_DATA EXCERPT_

*** Block opens ***

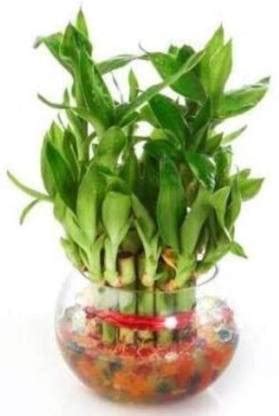 Real Nature Lucky Bamboo Plant Price in India - Buy Real Nature Lucky ...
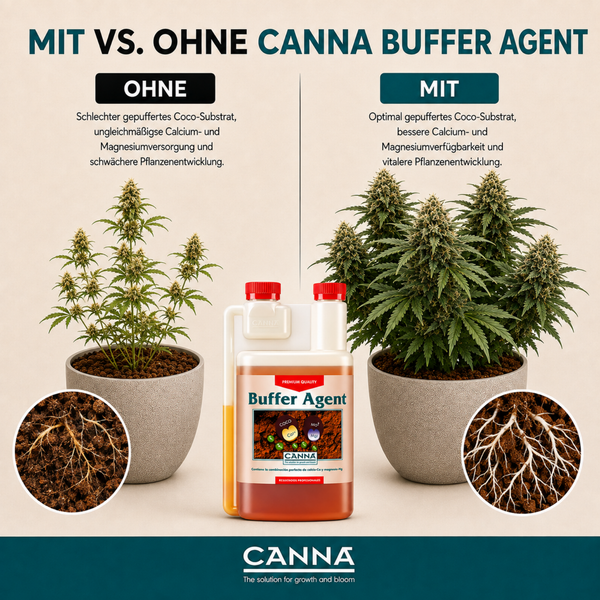 Vergleichsbild zur Anwendung von Canna Buffer Agent mit Darstellung von Pflanzenwachstum und Wurzelbildung in Kokos Substrat.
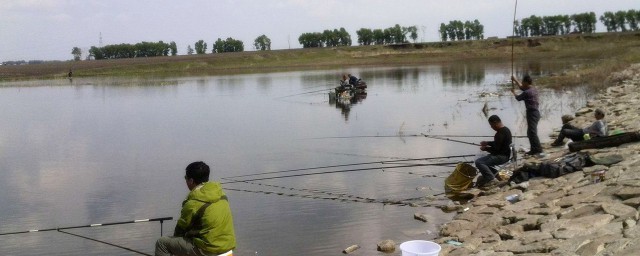 钓鲤鱼如何判断鱼情(钓鱼如何看鱼情)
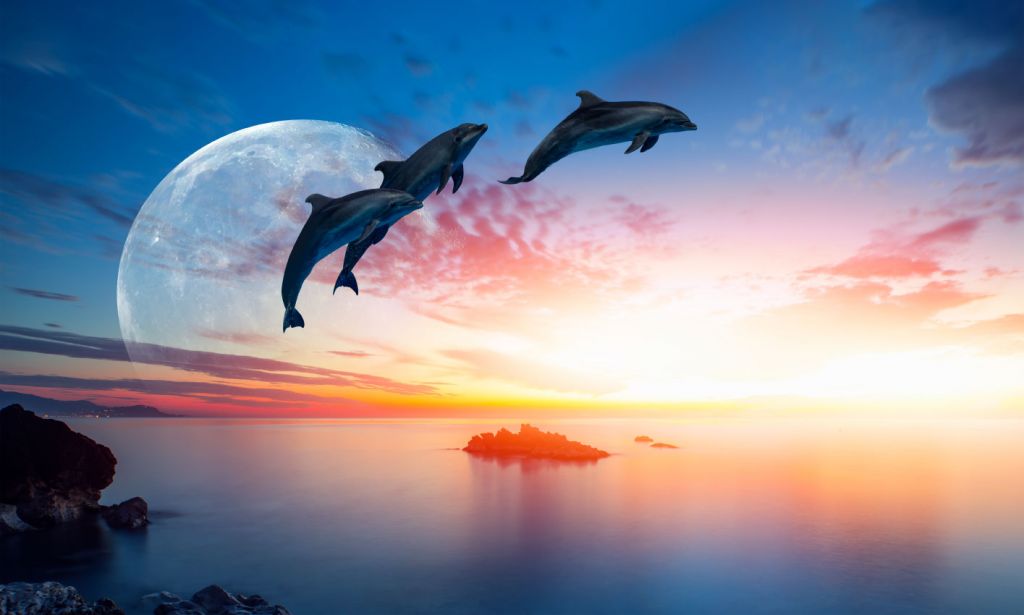 Delfini nella notte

*** Block closes ***

_YOUR OBJECTIVE_
Give every line above again exactly, with no pictures.

_YOUR RESPONSE_
 Real Nature Lucky Bamboo Plant Price in India - Buy Real Nature Lucky ...
 Vergleichsbild zur Anwendung von Canna Buffer Agent mit Darstellung von Pflanzenwachstum und Wurzelbildung in Kokos Substrat.
 钓鲤鱼如何判断鱼情(钓鱼如何看鱼情)
 Delfini nella notte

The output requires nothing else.